On Labor Day, California Gov. Gavin Newsom signed A.B. 257 into law, delivering to workers one of the most significant labor law victories in recent years. It has taken a decade of perseverance and tireless organizing from fast-food workers, SEIU and other union members, pro-worker elected leaders and community partners to achieve this landmark win.
The new law guarantees that fast-food workers get a seat at the table on the Fast Food Council, ensuring they have a voice in determining their working conditions and pay. More than half a million fast-food workers from across California will have the power to raise standards in terms of wages, freedom from discrimination and harassment, and other issues.
There are many different ways that workers increase our wages—traditional collective bargaining, civil service processes, prevailing wage and wage boards. We are excited to see this model emerge in California. A.B. 257 is one more example of addressing the tremendous need to repair our broken labor law system, which creates absurd barriers to millions of working people who would join a union immediately if the process were not so stacked against us.
The AFL-CIO wants every fast-food worker in the United States to be able to join a union. The passage of A.B. 257 gives workers the power of a much-needed voice and brings us closer to that goal. Raising wages for fast-food workers will help vulnerable communities, particularly the Black, Brown and immigrant women who make up the vast majority of fast-food workers in California. This is part of the national wave of worker activism and organizing. Employers need to listen to their workers who are demanding unions and a voice on the job and work with them. Starbucks, McDonald’s, Amazon, Delta—all need to stop fighting their own workers who clearly desire engaging in collective action and having a seat at the bargaining table.
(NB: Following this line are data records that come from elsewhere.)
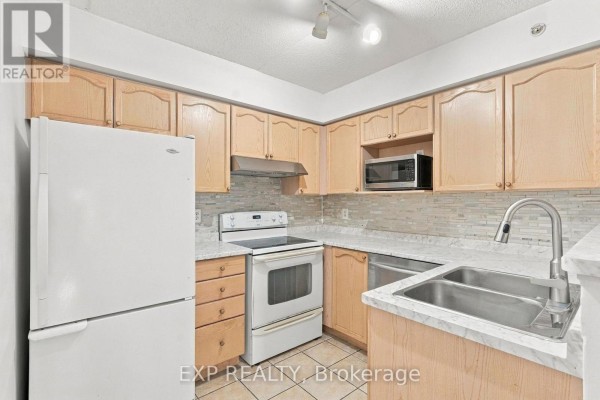 Den - 206 - 1440 Bishops Gate, Oakville, ON L6M4M9 Photo 4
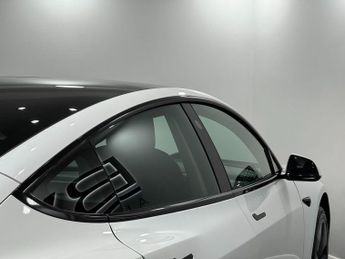 Tesla Model 3 Standard Range Plus Auto RWD 4dr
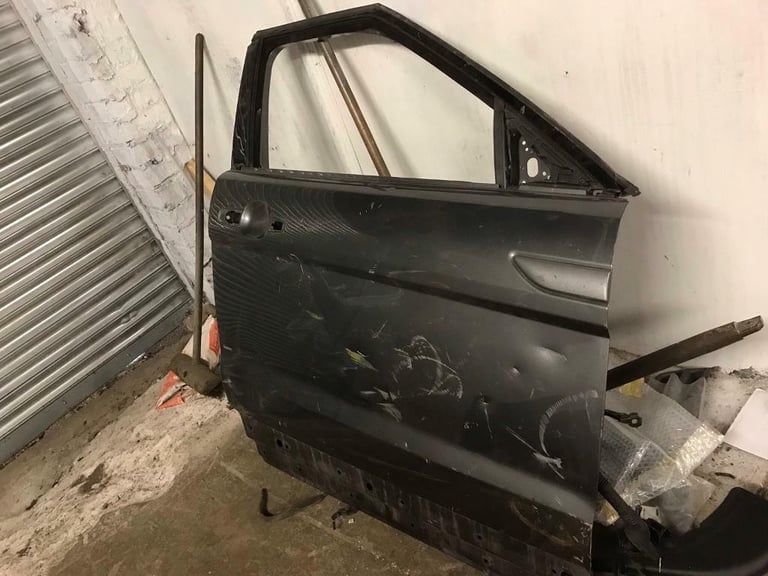 RANGE ROVER EVOQUE L538 DRIVER SIDE OFFSIDE FRONT DOOR (2011-2018)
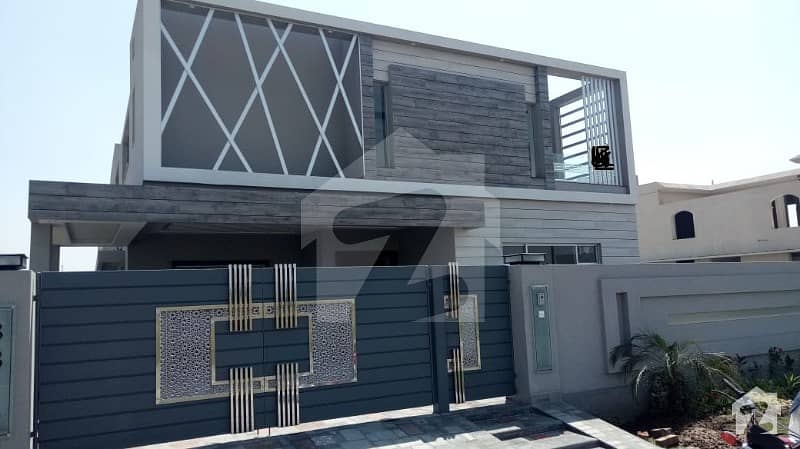 ONE KANAL BRAND NEW OUTCLASS BUNGALOW FOR SALE NEAR FACING PARK AND COMMERCIAL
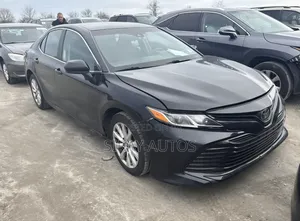 Toyota Camry LE FWD (2.5L 4cyl 8AM) 2018 Black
“Governor Newsom’s signature on AB 257 makes this Labor Day a historic one and shows what’s possible when working people unite and raise our voices,” said Anneisha Williams, a Los Angeles fast-food worker and leader in the Fight for $15 and a Union. “We’ve gone on strike, marched in the streets and rallied across the state to make sure our demand for a voice on the job was heard even as powerful corporations pulled out all the stops to silence us. We look forward to having a say in creating safe and healthy workplaces across the fast-food industry and to AB 257 serving as a model for workers across the country who desperately need a seat at the table.”